I know what each switch does individually, but I am not sure about the behavior when they are grouped like this. Specifically, the -a -r [operand] part. Here is what the man page has to say:

test and [ evaluate conditional expressions using a set of rules based on the number of arguments.

0 arguments
The expression is false.

1 argument
The expression is true if and only if the argument is not null.

2 arguments
If the first argument is !, the expression is true if and only if the second argument is null. If the first argument is one of the unary conditional operators listed above under CONDITIONAL EXPRESSIONS, the expression is true if the unary test is true. If the first argument is not a valid unary conditional operator, the expression is false.

3 arguments
The following conditions are applied in the order listed. If the second argument is one of the binary conditional operators listed above under CONDITIONAL EXPRESSIONS, the result of the expression is the result of the binary test using the first and third arguments as operands. The -a and -o operators are considered binary operators when there are three arguments. If the first argument is !, the value is the negation of the two-argument test using the second and third arguments. If the first argument is exactly ( and the third argument is exactly ), the result is the one-argument test of the second argument. Otherwise, the expression is false.

4 arguments
If the first argument is !, the result is the negation of the three-argument expression composed of the remaining arguments. Otherwise, the expression is parsed and evaluated according to precedence using the rules listed above.

5 or more arguments
The expression is parsed and evaluated according to precedence using the rules listed above.

Ok, great. Since I provide 5 arguments, the expression will be parsed and the rules applied. I assume it will be split and evaluated in 2 parts, like this:

[ -n "${FOO}" ] && [ -a -r ${FOO}/bar ] && echo OK

But that isn't the case, as this yields [: -r: binary operator expected, it doesn't like [ -a -r ... ]. Of course, this works:

[ -n "${FOO}" ] && [ -a ${FOO}/bar ] && [ -r ${FOO}/bar ] && echo OK

And so does this:

[ -n "${FOO}" -a ${FOO}/bar ] && echo OK

but this fails:

[ -n "${FOO}" -r ${FOO}/bar ] && echo OK

adding to my confusion is the part that says:

The -a and -o operators are considered binary operators when there are three arguments

How exactly is the -a handled as a binary operator? I believe it tests the existence of a file, but does it have some other behavior here? What does it do with the second operand? How does the Bash builtin test parse the arguments in the original example? What am I missing?

Answer 1

The other answers to this are both correct, but I will add my own so as to directly address exactly what lead to my confusion in the first place.

This applies to the Bash builtins and also (with some slight changes to the examples) the BSD /bin/test.

The test / [ (I'll use test to refer to both) command implements a grammar that is inherently ambiguous: it will accept the switches -a and -o, but their meaning depends on the context.

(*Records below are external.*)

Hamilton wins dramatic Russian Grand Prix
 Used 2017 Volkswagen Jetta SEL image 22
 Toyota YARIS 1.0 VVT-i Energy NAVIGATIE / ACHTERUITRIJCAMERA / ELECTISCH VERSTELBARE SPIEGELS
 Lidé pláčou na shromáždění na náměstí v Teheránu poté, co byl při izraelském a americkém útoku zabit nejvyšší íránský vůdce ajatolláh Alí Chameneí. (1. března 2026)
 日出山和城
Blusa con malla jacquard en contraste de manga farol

When applied as a connective between two boolean operands, -a acts as a logical AND. But when used as a unary operator, it checks for the existence of the filename given in the next argument. Similarly, -o is treated as a logical OR and also as a test of whether a shell option is enabled.

This opens the door to some strange looking expressions. As discussed in the comments under the answer by @user1934428, There is this:

# Assuming that if ${FOO}/bar exists, then it is readable: 

[ -n "${FOO}" -a -r "${FOO}"/bar ] 

# is exactly the same as either of the following:

[ -n "${FOO}" -a -a "${FOO}"/bar ]
[ -n "${FOO}" ] && [ -a "${FOO}"/bar ]

Maybe that seems trivial? Perhaps you crave confusion? I'm not even going to try deciphering these:

# Assuming that ${FOO}/bar exists and is readable, This returns 1:

[ -n "${FOO}" -a -a -a -a "${FOO}"/bar ]

# and this returns 0:

[ -n "${FOO}" -a -a -a -a -o -o -o "${FOO}"/bar ]

My takeaway from this is simple enough: stick with basic and unambiguous constructs when using test. Don't poke a sleeping bear.

Answer 2

In your command

test -n "${FOO}" -r ${FOO}/bar 

you have two conditions, but you don't tell test whether both need to be true, or if it is sufficient that one is true, which is why you get an error. Hence you have to write one of

test -n "${FOO}" -a -r ${FOO}/bar 
test -n "${FOO}" -o -r ${FOO}/bar 

In your command

-n "${FOO}" -a ${FOO}/bar 

you also have two conditions, but here you clearly say (using -a) that both need to be true. Hence this is OK.

Answer 3

You don't need -a after you parse it, since && takes its place. The equivalent parsed expression is

[ -n "${FOO}" ] && [ -r ${FOO}/bar ] && echo OK